Hoewel men onder landschapsfotografie ook het fotograferen van bijvoorbeeld een stad of een grote fabriek zou kunnen rekenen, is dat niet gebruikelijk. De term landschapsfotografie wordt vaker gebruikt om gefotografeerde vergezichten aan te duiden waarin de natuur en vaak de weersomstandigheden bijzondere rollen spelen.
Eenvoudig gesteld, want er zijn boeken over vol geschreven, is landschapsfotografie het vastleggen van een gebied. Dat kan dus nooit een klein detail van dat gebied zijn, het gaat altijd om grotere 'eenheden'.
Landschapsfotografie kent zijn eigen bijzonderheden. Het is bijvoorbeeld niet ongebruikelijk voor landschapsfotografen om voor dag en dauw op te staan om bij het juiste licht te wachten op de juiste stand van de wolken. Verschijnen deze wolken niet, dan verlaten ze soms de locatie om er op een ander moment weer naar toe terug te keren. Het juiste licht, zo menen zij, heb je vooral tijdens het zogenaamde gouden uurtje. Dit is het moment tijdens en meteen na de zonsopkomst.

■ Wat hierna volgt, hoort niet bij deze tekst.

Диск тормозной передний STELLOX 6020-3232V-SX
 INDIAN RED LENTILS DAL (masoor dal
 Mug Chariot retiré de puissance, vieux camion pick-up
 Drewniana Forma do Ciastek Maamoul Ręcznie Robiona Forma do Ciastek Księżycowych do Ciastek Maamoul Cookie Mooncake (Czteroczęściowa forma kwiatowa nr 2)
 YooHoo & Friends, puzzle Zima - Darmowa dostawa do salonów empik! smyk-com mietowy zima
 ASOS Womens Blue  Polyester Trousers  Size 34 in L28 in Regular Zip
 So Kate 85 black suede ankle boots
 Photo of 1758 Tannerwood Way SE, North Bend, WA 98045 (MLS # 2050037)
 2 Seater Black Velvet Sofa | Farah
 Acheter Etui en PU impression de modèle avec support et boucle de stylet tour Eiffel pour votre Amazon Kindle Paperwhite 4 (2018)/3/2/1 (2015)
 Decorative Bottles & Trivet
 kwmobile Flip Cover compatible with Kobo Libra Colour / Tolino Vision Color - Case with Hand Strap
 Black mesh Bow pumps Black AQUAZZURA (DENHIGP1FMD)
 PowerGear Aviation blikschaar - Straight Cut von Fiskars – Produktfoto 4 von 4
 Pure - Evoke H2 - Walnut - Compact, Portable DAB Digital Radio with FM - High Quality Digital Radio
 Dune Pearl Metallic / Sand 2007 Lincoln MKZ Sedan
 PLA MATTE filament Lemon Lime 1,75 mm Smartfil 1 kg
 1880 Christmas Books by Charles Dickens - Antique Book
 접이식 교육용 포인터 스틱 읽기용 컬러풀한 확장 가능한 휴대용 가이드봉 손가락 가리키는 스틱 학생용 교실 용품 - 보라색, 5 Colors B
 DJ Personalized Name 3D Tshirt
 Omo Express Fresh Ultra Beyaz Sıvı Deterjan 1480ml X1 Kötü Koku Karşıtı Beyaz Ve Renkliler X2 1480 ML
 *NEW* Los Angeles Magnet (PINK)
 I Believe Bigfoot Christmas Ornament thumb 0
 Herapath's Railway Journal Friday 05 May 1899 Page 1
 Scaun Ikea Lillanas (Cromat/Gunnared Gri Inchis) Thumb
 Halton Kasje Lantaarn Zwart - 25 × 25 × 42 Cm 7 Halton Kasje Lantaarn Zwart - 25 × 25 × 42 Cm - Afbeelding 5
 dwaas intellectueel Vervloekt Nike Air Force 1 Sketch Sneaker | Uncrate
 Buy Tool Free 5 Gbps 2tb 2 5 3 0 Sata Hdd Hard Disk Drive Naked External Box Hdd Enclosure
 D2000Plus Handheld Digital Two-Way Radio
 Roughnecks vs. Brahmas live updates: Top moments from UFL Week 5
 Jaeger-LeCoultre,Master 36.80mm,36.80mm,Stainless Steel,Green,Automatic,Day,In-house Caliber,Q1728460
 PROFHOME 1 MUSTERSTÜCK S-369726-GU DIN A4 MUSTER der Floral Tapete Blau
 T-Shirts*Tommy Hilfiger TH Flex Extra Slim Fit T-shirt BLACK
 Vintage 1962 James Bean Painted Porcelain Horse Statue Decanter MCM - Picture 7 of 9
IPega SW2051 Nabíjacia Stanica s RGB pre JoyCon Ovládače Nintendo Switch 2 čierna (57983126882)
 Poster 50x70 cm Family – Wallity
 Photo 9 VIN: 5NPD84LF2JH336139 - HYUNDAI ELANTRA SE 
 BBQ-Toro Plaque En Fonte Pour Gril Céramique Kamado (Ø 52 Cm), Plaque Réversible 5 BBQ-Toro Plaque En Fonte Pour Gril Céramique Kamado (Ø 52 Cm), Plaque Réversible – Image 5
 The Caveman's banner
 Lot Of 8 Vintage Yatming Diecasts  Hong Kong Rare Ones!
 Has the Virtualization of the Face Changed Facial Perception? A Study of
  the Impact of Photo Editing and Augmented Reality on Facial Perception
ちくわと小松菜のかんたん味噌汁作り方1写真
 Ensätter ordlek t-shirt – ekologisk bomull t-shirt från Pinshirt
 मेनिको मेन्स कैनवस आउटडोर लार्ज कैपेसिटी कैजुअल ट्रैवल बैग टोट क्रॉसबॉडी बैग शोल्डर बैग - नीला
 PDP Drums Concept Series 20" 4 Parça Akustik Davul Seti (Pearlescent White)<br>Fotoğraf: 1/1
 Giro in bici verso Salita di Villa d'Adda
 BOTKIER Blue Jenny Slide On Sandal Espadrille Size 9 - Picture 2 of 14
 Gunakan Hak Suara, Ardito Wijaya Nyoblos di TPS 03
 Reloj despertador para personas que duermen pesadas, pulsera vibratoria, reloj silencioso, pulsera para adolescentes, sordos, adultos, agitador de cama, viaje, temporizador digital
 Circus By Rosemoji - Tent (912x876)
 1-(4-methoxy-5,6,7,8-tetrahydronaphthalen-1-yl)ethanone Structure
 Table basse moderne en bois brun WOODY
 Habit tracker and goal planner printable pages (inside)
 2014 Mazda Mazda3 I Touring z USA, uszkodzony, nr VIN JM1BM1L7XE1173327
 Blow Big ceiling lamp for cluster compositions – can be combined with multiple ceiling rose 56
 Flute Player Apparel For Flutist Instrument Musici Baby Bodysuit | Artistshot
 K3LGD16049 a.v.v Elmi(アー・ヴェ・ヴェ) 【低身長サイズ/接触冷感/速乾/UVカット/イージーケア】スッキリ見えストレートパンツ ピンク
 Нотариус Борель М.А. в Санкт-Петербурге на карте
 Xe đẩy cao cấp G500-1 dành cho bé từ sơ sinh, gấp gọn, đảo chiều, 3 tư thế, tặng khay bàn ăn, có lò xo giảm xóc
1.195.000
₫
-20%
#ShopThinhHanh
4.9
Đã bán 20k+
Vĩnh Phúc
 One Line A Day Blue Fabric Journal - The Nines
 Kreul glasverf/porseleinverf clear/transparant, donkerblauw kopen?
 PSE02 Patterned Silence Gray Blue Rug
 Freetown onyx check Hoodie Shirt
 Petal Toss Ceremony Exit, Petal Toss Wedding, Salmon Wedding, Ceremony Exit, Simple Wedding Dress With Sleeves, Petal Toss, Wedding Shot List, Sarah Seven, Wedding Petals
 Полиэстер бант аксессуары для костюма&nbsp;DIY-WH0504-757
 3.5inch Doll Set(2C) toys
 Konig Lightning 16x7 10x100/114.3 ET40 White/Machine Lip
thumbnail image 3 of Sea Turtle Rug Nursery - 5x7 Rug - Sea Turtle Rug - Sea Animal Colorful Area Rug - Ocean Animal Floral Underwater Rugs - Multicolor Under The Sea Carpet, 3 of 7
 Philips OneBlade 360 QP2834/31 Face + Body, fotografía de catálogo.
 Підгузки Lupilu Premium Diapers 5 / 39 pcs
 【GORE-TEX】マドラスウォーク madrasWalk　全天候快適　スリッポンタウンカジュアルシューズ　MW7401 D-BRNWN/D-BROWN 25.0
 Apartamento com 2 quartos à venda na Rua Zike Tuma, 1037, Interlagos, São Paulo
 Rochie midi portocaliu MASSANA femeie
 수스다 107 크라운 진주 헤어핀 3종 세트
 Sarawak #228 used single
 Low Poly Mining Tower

Ook tijdens de zonsondergang of nog later worden fraaie landschapsfoto's gemaakt. Met behulp van kunstlicht (ja, die worden ook hier gebruikt!) kan men tot zeer artistieke foto's komen. Ook reflectieschermen worden soms gebruikt. De landschapsfotografie is hiermee dus veel meer dan maar even een 'grote foto nemen'.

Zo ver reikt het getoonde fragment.